The good news is that teak requires very little upkeep beyond regular cleaning. All you need to do is give it a gentle scrub every now and then, and you’re good to go!

Still, some homeowners may feel tempted to go the extra mile and oil their teak patio furniture.

While oiling does benefit other types of wood, most manufacturers advise against using teak oil for outdoor furniture. Not only is it completely unnecessary, but it can also damage the wood in the long run. 

It’s easy to fall prey to products that promise to make teak maintenance a breeze. To keep you from making a bad purchase, we’ll explain why oiling teak furniture is a strict no-no.

1. An Introduction to Teak Oil

A tropical hardwood tree native to South and Southeast Asia, teak wood is known for its unique aesthetic appeal. With its golden-brown tones and tight, straight-grain pattern, teak wood furniture can instantly elevate your garden décor. 

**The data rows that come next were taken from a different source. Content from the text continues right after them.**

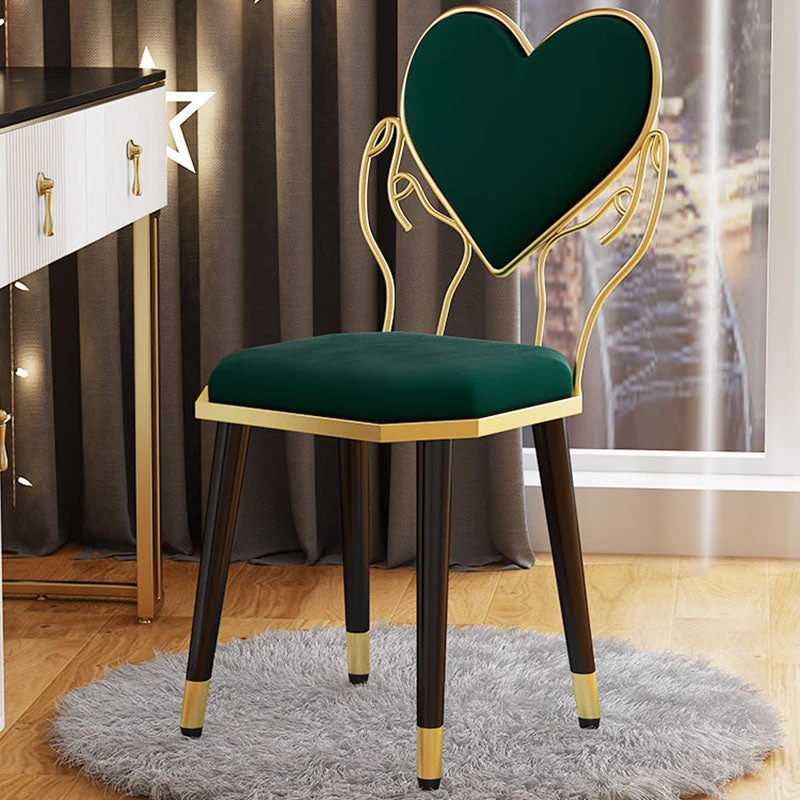 Scandinavisch design eetkamerstoelen met open rug en stoffen eetkamerstoelen Clearhalo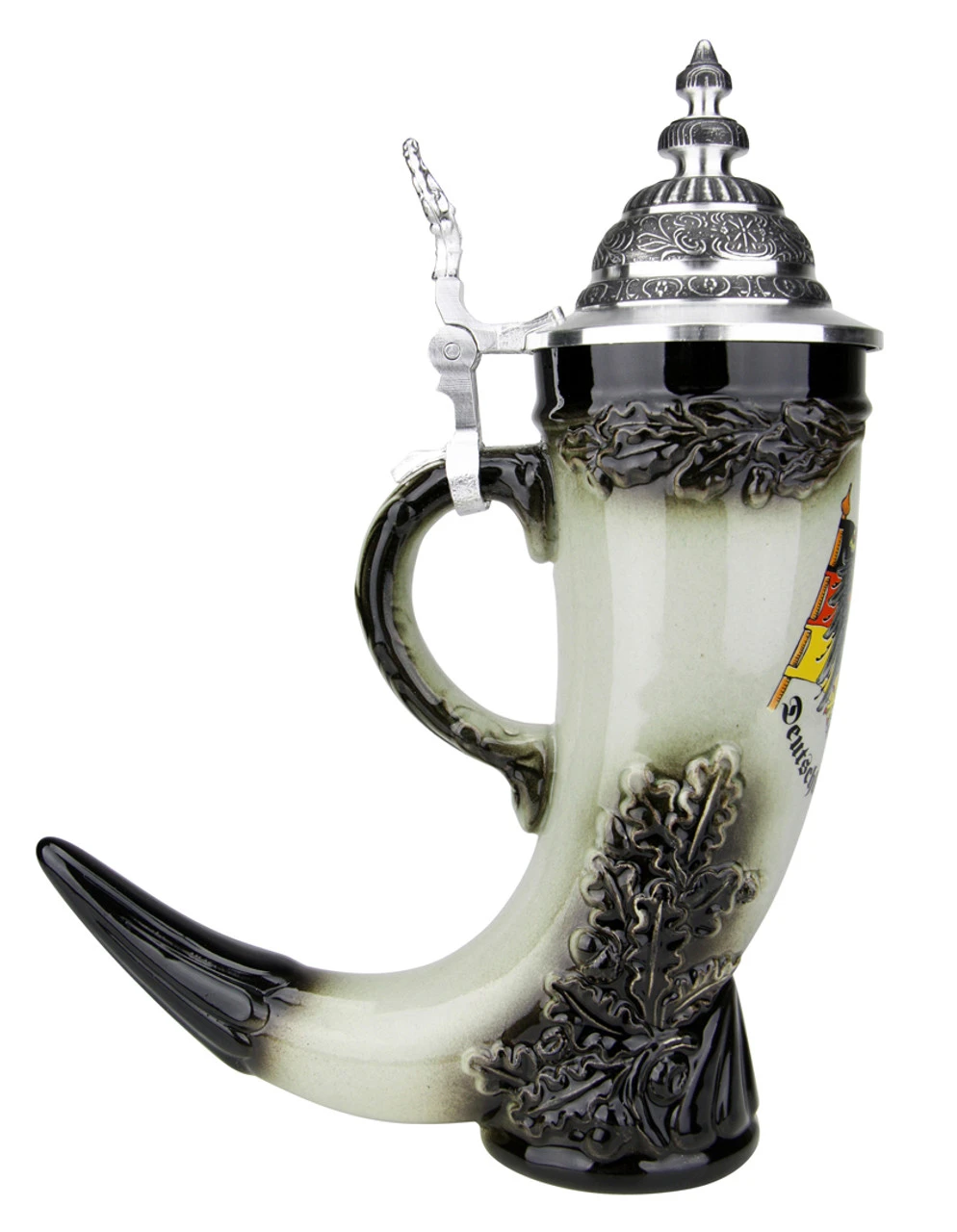 Drinking Horn German Beer Stein 5 Drinking Horn German Beer Stein - Image 3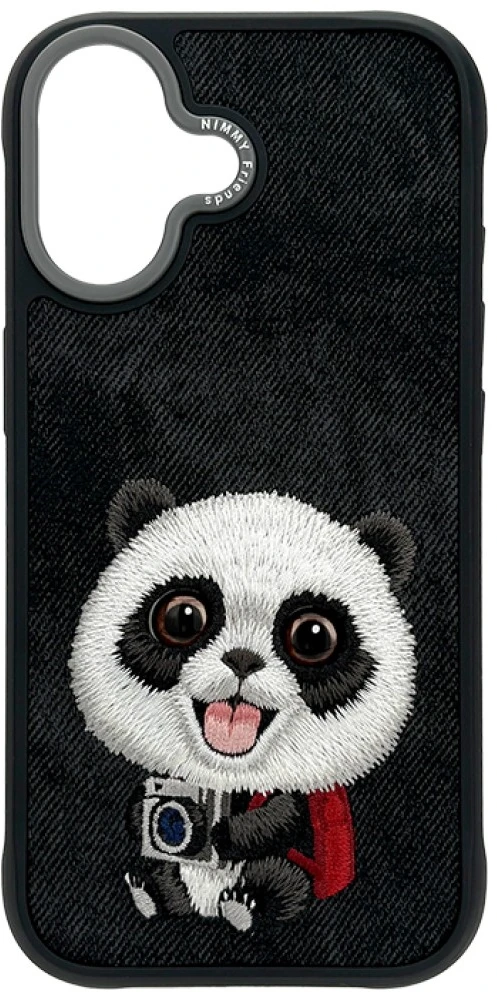 Dėklas NIMMY case BIG EYED PET 2.0 Panda for IPHONE 17 juodas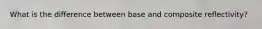 What is the difference between base and composite reflectivity?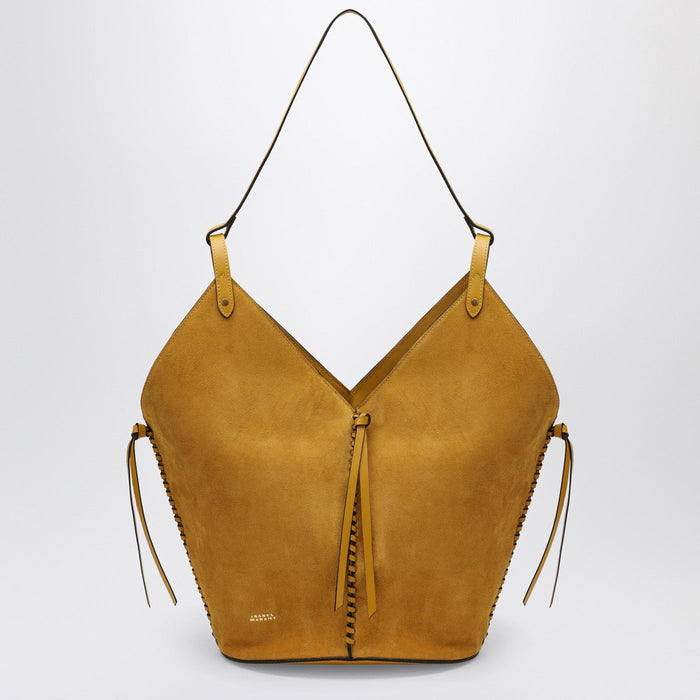 Isabel Marant Tampa Bag In Saffron Suede Leather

Appearances aside, teak wood is extremely strong and durable. It rarely bends or warps under extreme weather conditions, provided you treat it well.

The primary reason why teak makes for long-lasting outdoor furniture is its high natural oil content. These natural oils shield the wood against weather damage, termites, and pests, allowing you to leave your precious teak pieces outside all year round.

Over time, as sunlight and UV radiation carbonize the oils, the wood changes color from a rich golden-brown to a silver-gray patina. Although this process is completely natural, some people resent losing their teak furniture’s original good looks. 

This is where teak oil comes in. 

Interestingly, commercial teak oil has nothing to do with teak. In fact, it is usually a combination of linseed or tung oil, varnish, thinners, and several other additives. It is only called ‘teak oil’ because it is intended for teak wood.  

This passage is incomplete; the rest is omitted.